伊東のオタクを知らしめるにはまず証拠を用意しなければならない。そのために小太郎は、伊東の部屋を撮影すると言った。撮影方法はもちろん盗撮である。まず、小太郎は超小型のカメラを用意すると言った。そんなことできるのか? 豆男が問うと彼は自慢げに頷いたのだ。どうやらそのあたりのスジがあるらしい。空恐ろしいやつだと豆男は思った。カメラのほかにもう一つ、伊東が彼の学生カバンにぶら下げている某キャラクターのキーホルダーを用意する必要があると小太郎は言った。そのキーホルダーの目をくりぬいてそこにカメラをセットする。仕込みのキーホルダーを伊東のカバンにぶら下がっているものとすり替え、彼に持ち帰らせ部屋の中を撮るということだった。

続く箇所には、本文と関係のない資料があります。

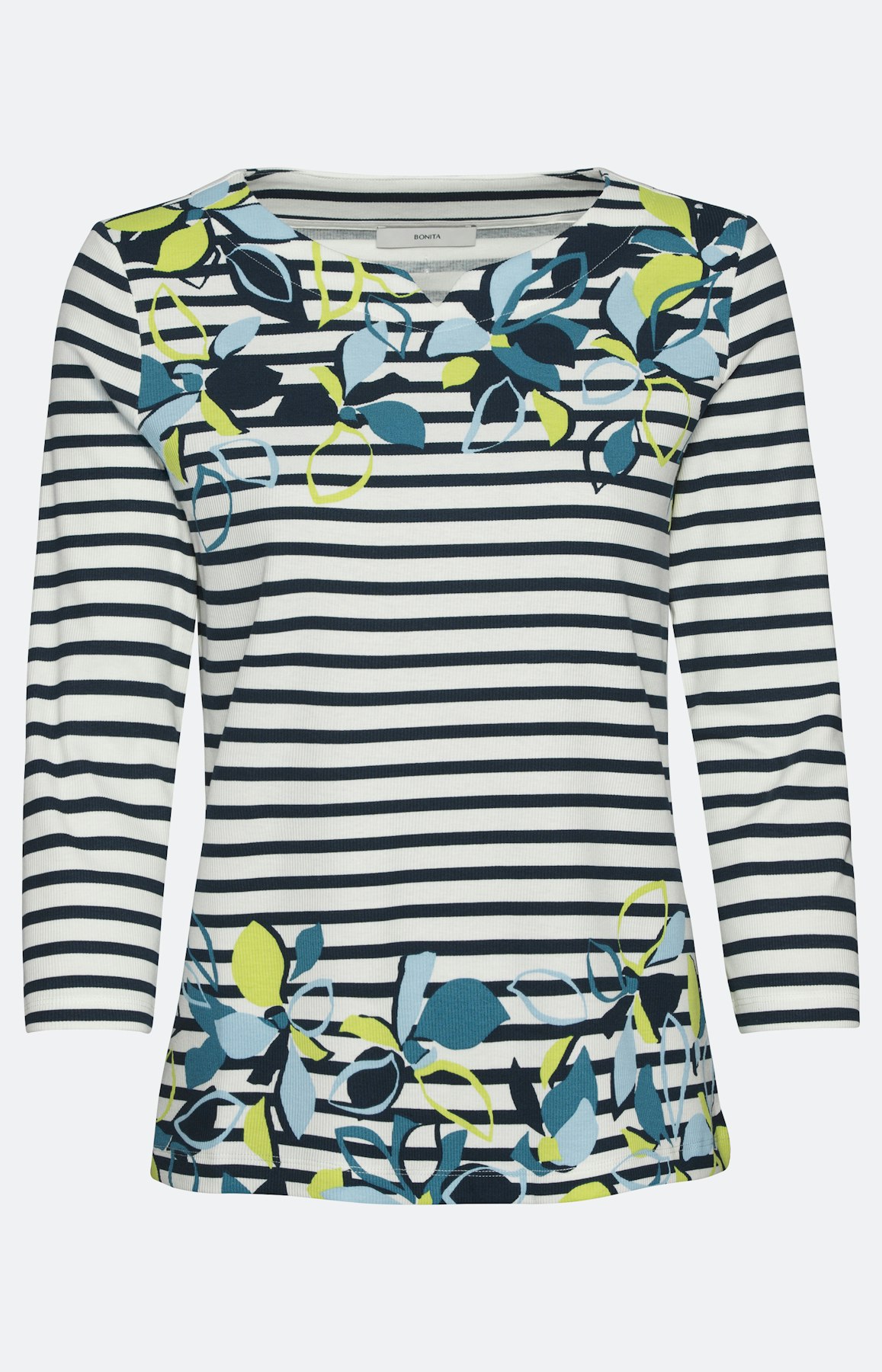 Gemustertes Ripp-Shirt mit 3/4-Arm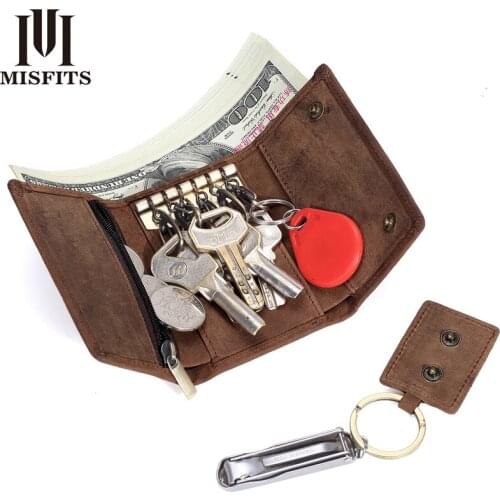 Cross-border hot sale leather key case multifunctional tri-fold coin purse first layer leather car key case wholesale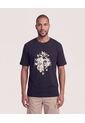 Camiseta Regular Estampado Floral  Para Hombre Negro Ostu de Ostu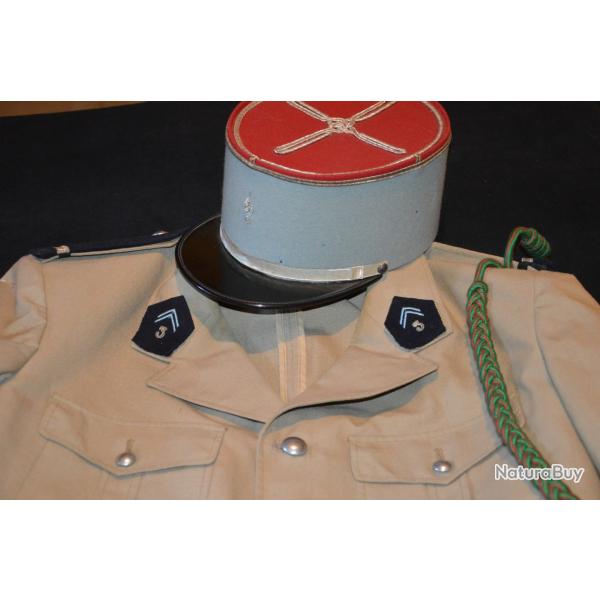 VAREUSE & KEPI D'UN MAJOR DU 3� REGIMENT DE HUSSARDS-CAVALERIE GUERRES D'INDOCHINE & D'ALGERIE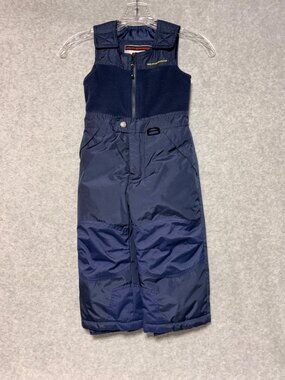 Weatherproof Snow Bibs Pants Boys Size 3T Navy Blue Articulated Knees Full Zip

「カメラは四十八時間連続で撮影できるものを用意します。費用は僕が持ちますから安心してください」
そんな費用が一介の男子高校生のどこから出てくるのか、豆男には検討もつかなかった。が、あえて訊きはしなかった。
「そんなにうまくいくのか?」
「大丈夫です。別に、一回ポッキリで成功しなきゃいけないわけではありません。失敗したら何度も繰り返してうまく撮影できるのを待ちましょう。どうにも無理そうだったらそのときはもう一度考えます」
淡々と話す小太郎を前に豆男は渡されたA4用紙に目を通していた。これまでの流れとこれからの流れが箇条書きで書かれている。その横には仕込みのキーホルダーの内部構造が書かれていた。小太郎は案外綺麗な字を書くのだなと豆男は思った。
「撮影に成功したらそのブツは……」と小太郎はどこかの悪代官のように続けた。
カメラは回したままにしておくので証拠は当然動画となる。それではみんなに提示しにくいので、伊東のオタクがわかりやすいシーンを写真にして貼り付けようということになった。できれば伊東本人と部屋中の玩具たちが一緒に写っているものが好ましい。コスプレしているシーンなんかあったら最高だ、とふたりでにしゃにしゃ笑いあった。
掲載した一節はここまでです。